Things get even better inside – the vigorous energy of the sculptures contrasting with the worn wooden panelling of the boisieries and the tarnished mirrors and chandeliers. It's usually very crowded with visitors eager to see much-loved works like The Hand of God and The Kiss – originally designed to portray Paolo and Francesca da Rimini, from Dante's Divine Comedy – but it's well worth lingering by the vibrant, impressionistic clay works, small studies that Rodin took from life. In fact, most of the works here are in clay or plaster, as these are considered to be Rodin's finest achievements – after completing his apprenticeship, he rarely picked up a chisel, in line with the common nineteenth century practice of delegating the task of working up stone and bronze versions to assistants. Instead, he would return to his plaster casts again and again, modifying and refining them and sometimes leaving them deliberately "unfinished". On the ground floor, there's a room devoted to Camille Claudel, Rodin's pupil, model and lover. Among her works is The Age of Maturity, symbolising her ultimate rejection by Rodin, and a bust of the artist himself. Claudel's perception of her teacher was so akin to Rodin's own that he considered it as his self-portrait.
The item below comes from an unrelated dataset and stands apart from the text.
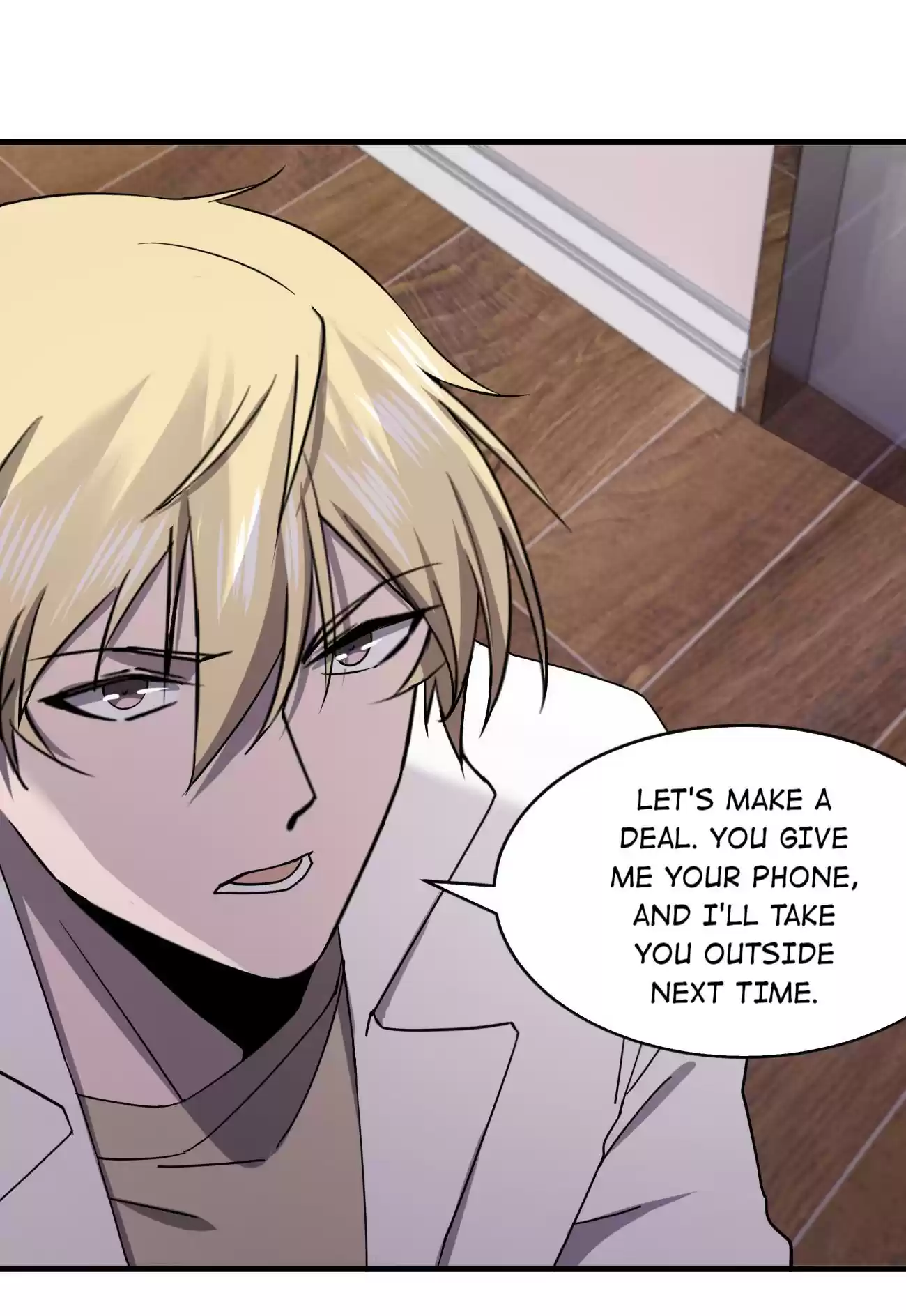 Don’t Get Me Wrong, I’m The Real Victim! 40.2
The rest of rue de Varenne and the parallel rue de Grenelle is full of aristocratic mansions, including the Hôtel Matignon, the prime minister's residence. At 61 rue de Grenelle, a handsome eighteenth-century house has been turned into the Musée Maillol (daily except Tues 11am–6pm; 7; M° Rue-du-Bac), overstuffed with sculptor Aristide Maillol's endlessly buxom female nudes, copies of which stand in the Louvre's Jardin du Carrousel. His most famous work, the seated Mediterranean with its simple, smooth curves, can be found on the first floor at the top of the stairs. The exhibits belong to Dina Vierny, Maillol's former model and inspiration, and works by other contemporaries are also collected here, including drawings by Matisse, Dufy and Bonnard, for whom Dina also modelled; humorously erotic paintings by Bombois; and the odd Picasso, Degas, Gauguin and Kandinsky. The museum also organizes excellent exhibitions of twentieth-century art among which have been Frida Kahlo and Diego Rivera.
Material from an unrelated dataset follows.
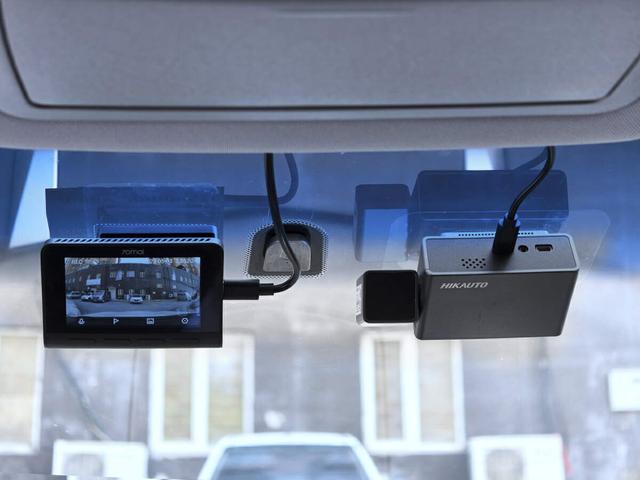 4K行车记录仪对比，70迈A810与海康威视C8，夜视成了分水岭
From the Musée Maillol, rue du Bac leads south into rue de Sèvres, cutting across rue de Babylone, another of the Septième's livelier streets, which begins with the city's oldest department store, Au Bon Marché, renowned for its food halls, and ends with the crazy, rich man's folly La Pagode, at no. 57bis. The building was brought over from Japan at the turn of the century and for a long time was used as an arts cinema; it has recently been renovated, with a café in the Japanese garden inside.